I will try to investigate more.

Best regards
/ Raimo Niskanen


> 
> Best regards
> / Raimo Niskanen
> 
> 
> On Mon, Nov 25, 2019 at 09:53:23AM +0100, Raimo Niskanen wrote:
> > I have upgraded the machines to 6.6 and the problem seems to be gone.
> > The machines now have been up for 10 and 16 days, which is a record.
> > 
> > Great!
> > 
> > / Raimo Niskanen
> > 
> > 
> > 
> > On Fri, Nov 01, 2019 at 11:50:18AM +0100, Andreas Kusalananda Kähäri wrote:
> > > On Fri, Nov 01, 2019 at 11:38:06AM +0100, Raimo Niskanen wrote:
> > > > On Mon, Sep 09, 2019 at 05:44:32PM +0200, Raimo Niskanen wrote:
> > > > > On Mon, Sep 09, 2019 at 05:42:02PM +0200, Raimo Niskanen wrote:
> > > > > > On Wed, Jul 31, 2019 at 05:46:08PM +0200, Raimo Niskanen wrote:
> > > > > > > On Mon, Jul 29, 2019 at 01:20:58PM +0000, Stuart Henderson wrote:
> > > > > > > > On 2019-07-29, Raimo Niskanen <raimo+open...@erix.ericsson.se> 
> > > > > > > > wrote:
> > > > > > > > > A new hang, I tried to invstigate:
> > > > > > > > >
> > > > > > > > > At July 19 the last log entry from my 'ps' log was from 
> > > > > > > > > 14:55, which is
> > > > > > > > > also the time on the 'systat vmstat' screen when it froze.  

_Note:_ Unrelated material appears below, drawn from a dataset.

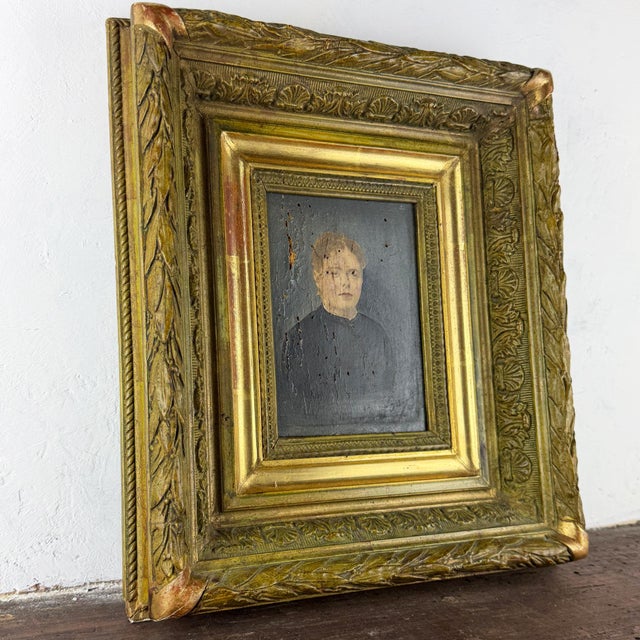French Artist, Portrait of a Woman, 1800s, Oil on Board, Framed For Sale - Image 7 of 14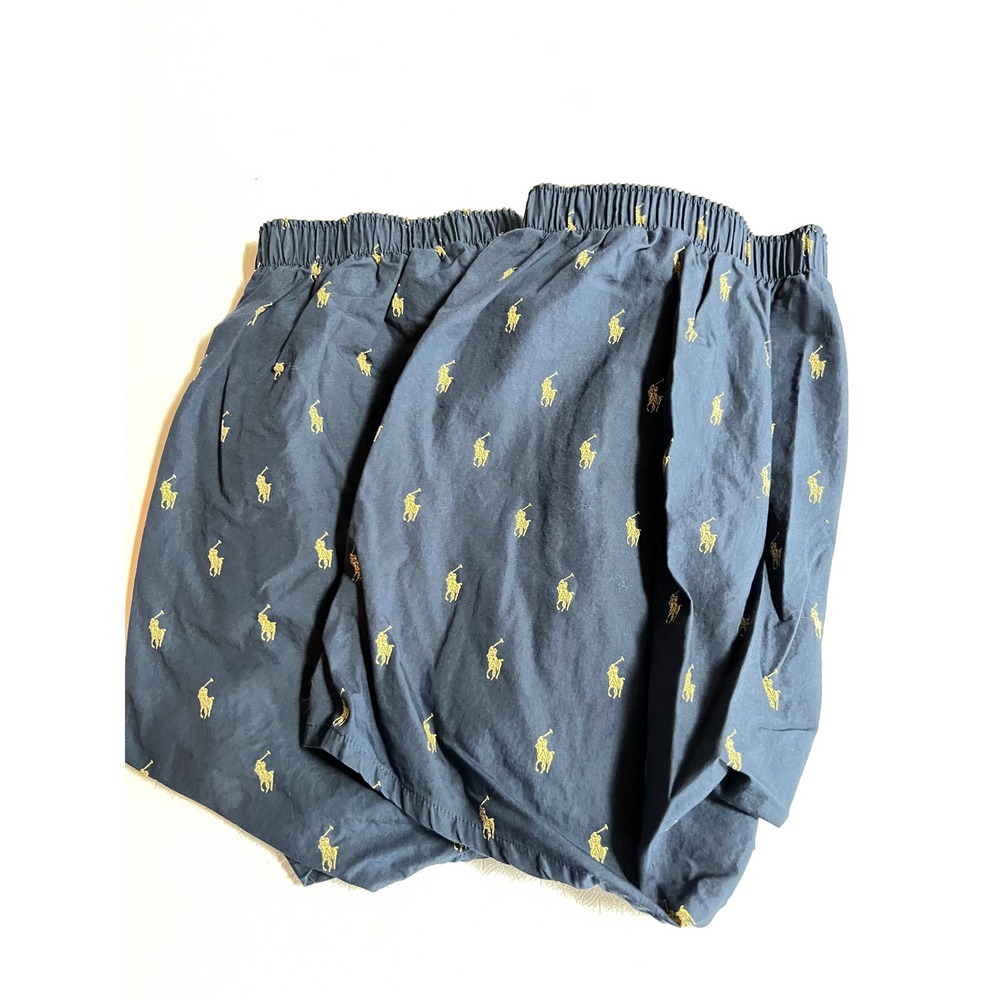 Polo‎ Ralph Lauren Mens Navy Gold All Over Pony Logo Woven Boxers Large 2-Pack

> > > > > > > > > Then the machine
> > > > > > > > > hums along but just after midnight at 00:42:01 the first 
> > > > > > > > > "/bsd: process:
> > > > > > > > > table is full" entry appears.  That message repeats until I 
> > > > > > > > > rebooted it
> > > > > > > > > today at July 29 10:48.
> > > > > > > > >
> > > > > > > > > I had a terminal with top running.  It was still updating.  
> > > > > > > > > It showed about
> > > > > > > > > 98% sys and 2% spin on one of 4 CPUs, the others 100% idle.  
> > > > > > > > > Then (after
> > > > > > > > > the process table had gotten full) it had 1282 idle processes 
> > > > > > > > > and 1 on
> > > > > > > > > processor, which was 'top' itself.
> > > > > > > > > Memory: Real: 456M/1819M act/tot Free: 14G Cache: 676M Swap: 
> > > > > > > > > 0K/16G.
> > > > > > > > >
> > > > > > > > > I had 8 shells under tmux ready for debugging.  'ls worked.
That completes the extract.